### [DATA PROVIDED]
════════

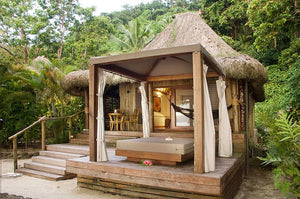 Traditional Black Hammock - Made in Fiji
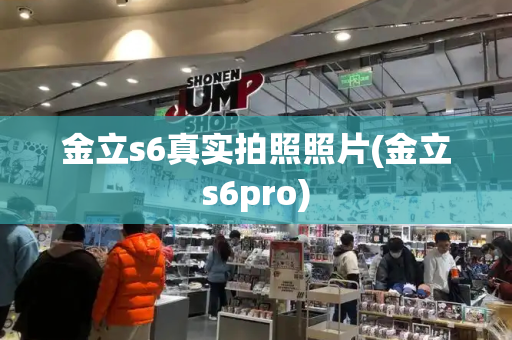 金立s6真实拍照照片(金立s6pro)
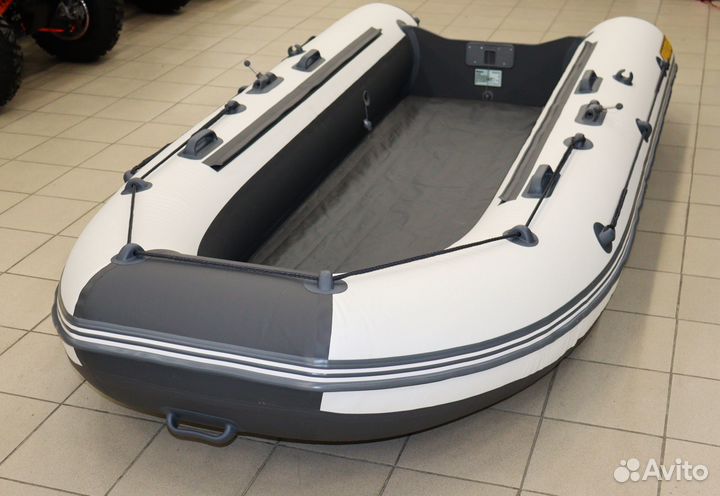 Лодка драккар 3000 нднд classic (безкиль) белый гр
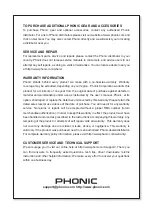 Preview for 12 page of Phonic KA720 User Manual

════════

### [WHAT TO PRODUCE]
Could you copy the data above exactly, leaving the pictures out?

### [REPLY TO THE EXERCISE]
 Traditional Black Hammock - Made in Fiji
 金立s6真实拍照照片(金立s6pro)
 Лодка драккар 3000 нднд classic (безкиль) белый гр
 Preview for 12 page of Phonic KA720 User Manual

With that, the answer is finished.